Compositional virtuosity in the handling of interval is a hallmark of Carter's style, demonstrated perfectly in the movements of the two duos in the Third Quartet. Each uses a single, unique interval class (with all of the first duo's music using, in addition, the major second). In spite of this apparent restriction, each type of music is perfectly characterised. The patterns in which the sections are sequenced, repeated and cross-cut allows each individual movement to be heard alone just once, but as always with Carter it is change and contrast which lie at the heart of the argument: the contrast between the materials and characters of the duos, and the changes, sometimes imperceptible, more often abrupt, between the duos' individual movements.
The quartet was completed in 1971, and is dedicated to the Julliard Quartet, who gave its first performance in 1973. It, too, earned for Carter the Pulitzer Prize, in 1973.
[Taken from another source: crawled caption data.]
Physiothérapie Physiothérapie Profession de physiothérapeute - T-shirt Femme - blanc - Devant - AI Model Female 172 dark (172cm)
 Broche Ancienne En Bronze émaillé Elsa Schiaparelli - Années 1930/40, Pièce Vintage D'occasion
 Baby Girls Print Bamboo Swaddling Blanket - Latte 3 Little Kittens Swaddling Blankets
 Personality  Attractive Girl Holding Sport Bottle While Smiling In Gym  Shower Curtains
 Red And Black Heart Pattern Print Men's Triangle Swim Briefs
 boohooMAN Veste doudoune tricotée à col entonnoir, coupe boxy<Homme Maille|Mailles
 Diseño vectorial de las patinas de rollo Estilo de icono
Reconstituting the MediumBetween the completion of the Third Quartet in 1971 and that of the Fourth Quartet in 1986, Carter's music moved away from the high-point of transcendental complexity achieved in the Concerto for Orchestra and Third Quartet towards a less rigorously deterministic conuterpoint of characters. This tendency is apparent not only in the three vocal works of the period (A Mirror on Which to Dwell, Syringa, and In Sleep, In Thunder), but also in such large-scale endeavors as A Symphony of Three Orchestras. A further result of this new-found fluency is a series of short instrumental solos and duos, which seem to crystalize individual aspects of Carter's style.
The Fourth Quartet is dedicated to another ensemble closely associated
with Carter's music, the Composers String Quartet, who gave the work its
first performance in 1986. As in the Second Quartet, each instrument is
characterised by a unique repertoire of intervals, expressive characteristics,
and modes of articulation. However, unlike the earlier work there is no
sense in which the instruments are pitted against each other. Rather, all
four contribute in their own terms to a continuous and elevated discourse,
in a framework of clearly defined movements which is Carter's closest approach
to the classical quartet model. The protagonists' task might indeed be
defined as a reconstitution of a language for the medium, after the modal
disintegration of the Third Quartet. Despite the deliberate eschewal of
harmonics, and the restriction of pizzicato to the cello's music, the textures
of the work are, if anything, more refined and differentiated than in any
of Carter's previous chamber music. The sonorous potential of intervals,
sometimes subsidiary in Carter's music to their function in an intense
dialectic, comes to the fore, particularly in the last half of the quartet,
in a way which promises much for Carter's music in the next decade.